Income Tax Amendments Act, 2000Government Orders

12:50 p.m.

Mississauga South Ontario

Liberal

Paul Szabo LiberalParliamentary Secretary to Minister of Public Works and Government Services

Mr. Speaker, the hon. member briefly referred to CPP tax increases. He knows that the funds invested by Canadians through their premiums in the Canada pension plan are segregated funds. They are not government money for spending. They are there for the benefit of Canadians in terms of their future pensions.

As we all know, with the baby boomer demographics today we have something like five workers for every one retiree. With the large number of baby boomers who will be retiring we will be reducing that number to three workers for every retiree. Less workers will be required to fund the Canada pension plan.

Would the hon. member prefer to scrap the CPP and leave everybody to fend for themselves at retirement, or does he support the amendments made to the Canada pension plan, including increasing the premiums over a period of time to ensure it is there for all Canadians?

Income Tax Amendments Act, 2000Government Orders

12:50 p.m.

Canadian Alliance

Philip Mayfield Canadian Alliance Cariboo—Chilcotin, BC

Mr.
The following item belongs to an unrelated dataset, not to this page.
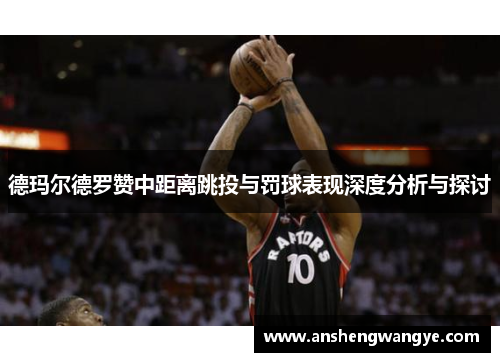 德玛尔德罗赞中距离跳投与罚球表现深度分析与探讨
Speaker, I would like to see a clear picture of our spending. The hon. member mentioned CPP as being designated. What guarantee do we have if there is no surplus in the fund, as in the case of the employment insurance fund? The government could not capture the revenue for itself.
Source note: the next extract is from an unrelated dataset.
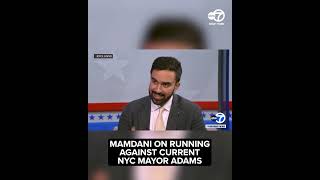 What does Zohran Mamdani think about running against current NYC Mayor Eric Adams?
Nothing is sacred and segregated to the government. If the government wants it, it will take it. We cannot look at CPP as anything but a tax because the government handles it as government revenue.

Income Tax Amendments Act, 2000Government Orders

12:50 p.m.

Canadian Alliance

Roy H. Bailey Canadian Alliance Souris—Moose Mountain, SK

Mr. Speaker, I welcome the opportunity to speak to Bill C-22. It is certainly a complex bill. Thousands of people in Canada, and a good many in my constituency, fall into the situation that I am about to describe in terms of exemptions and qualifications.
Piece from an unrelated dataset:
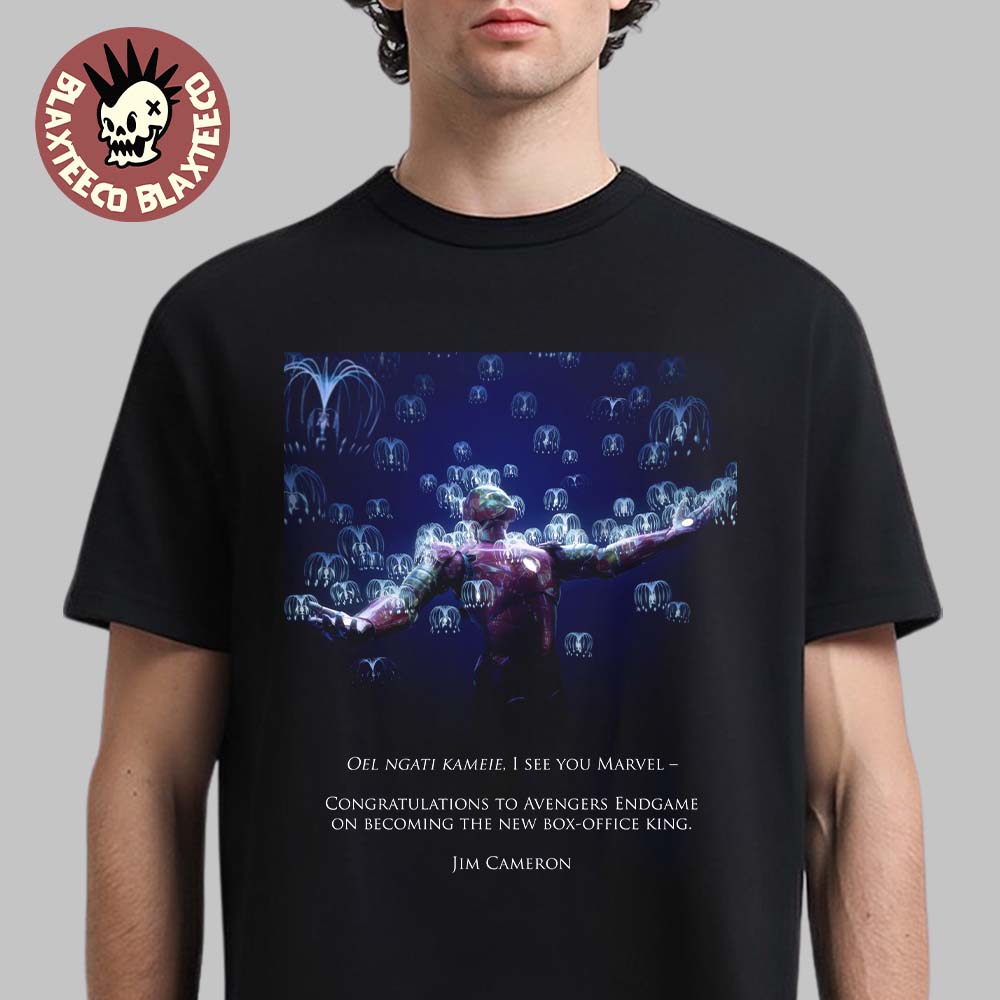 James Cameron Avengers Endgame Encore X Avatar Oel Ngati Kameie I See You Marvel T-Shirt James Cameron Avengers Endgame Encore X Avatar Oel Ngati Kameie I See You Marvel T-Shirt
I refer to what happens to a young father who finds himself in a divorce situation. I draw the attention of the House to two such cases as they relate directly to the exemptions in the Income Tax Act. Dan and Valerie were married for 12 years. I do not know what led up to the divorce but they went through a divorce. The responsibility, and rightly so, is for Dan to support the children.

I will not accept for a moment, as is generally thought across Canada, that all these men are deadbeat dads. Dan agreed to pay his wife $1,000 a month for the upkeep of his children. At the end of the year that upkeep costs him $1,200 a month. Aside from the cost of the divorce and the loss of his house, he does not get to claim that $1,200 as an exemption. His wife does not have to claim it as income and receives a tax credit. That is wrong. No matter which way the cake is cut, it is wrong.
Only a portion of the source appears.